Vom heiligen Mann zum Hugh Hefner der Yoga-Szene

Die Übungen selbst waren eher lustbetont als schwierig. Friend baute seine Praxis auf tantrischen Prinzipien auf, obwohl er immer betonte, dass er damit nicht tantrischen Sex meinte. Für die Reporterin der „New York Times“ war jedoch von Anfang unübersehbar, wie suggestiv die einstudierten Posen waren.

Ähnlich schamlos war Friend, wenn es um das Geschäft ging. Der ehemalige Finanzier machte nie einen Hehl aus seinen Ambitionen, ein globales Imperium zu errichten. Er legte gemeinsam mit Adidas eine Kollektion an Yoga-Bekleidung auf und verhandelte mit millionenschweren Geldgebern. Sein großes Ziel war, in Kalifornien ein ständiges Yogazentrum aufzubauen, eine Art von Anasura-Kloster.

Die Betonung von Spaß und von Offenheit trieb dem Texaner die weiblichen Massen in die Arme. Er wurde, wie die „New York Times“ vor dem Sexskandal schrieb, eine Mischung aus protestantischem Prediger und Rockstar. Bei den Jahrestreffen der Anasura-Gemeinde steckten die Jüngerinnen Friend zu Dutzenden ihre Zimmerschlüssel zu. Wann genau dieses ganze Gebilde zu kippen begann und Friend sich vom heiligen Mann zum Hugh Hefner der Yogaszene wandelte, ist heute nur noch schwer zu rekonstruieren. Die Übergänge waren wohl fließend.

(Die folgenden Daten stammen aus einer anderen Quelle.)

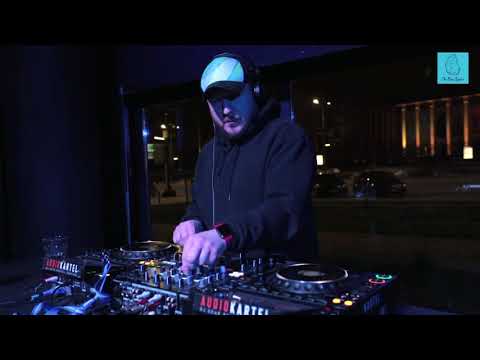 The Blue Oyster: Mart Ceiner / 27.01 / 18 - 19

Friend will sich betend erneuern

Strafbar hat sich John Friend bei all dem nicht gemacht. Die Frauen, die in seine Praktiken einwilligten, waren allesamt erwachsen. Doch Friend hat neben Tausenden enttäuschten Jüngern nun auch eine Yogawelt hinterlassen, die zutiefst verunsichert ist. Man fragt sich in den Studios im ganzen Land, wie viele falsche Propheten es denn wohl noch gibt, die keine hochtrabend spirituellen, sondern gänzlich profane Ziele verfolgen.

Friend selbst hat sich derweil zurückgezogen, um in sich zu gehen – er will beten und meditieren. Erneuern möchte er sich, hat er wissen lassen, und in einer neuen Inkarnation auf die Welt zurückkehren. Man darf gespannt sein, ob die Yogawelt seinem neuen Ich dann wirklich eine zweite Chance gibt.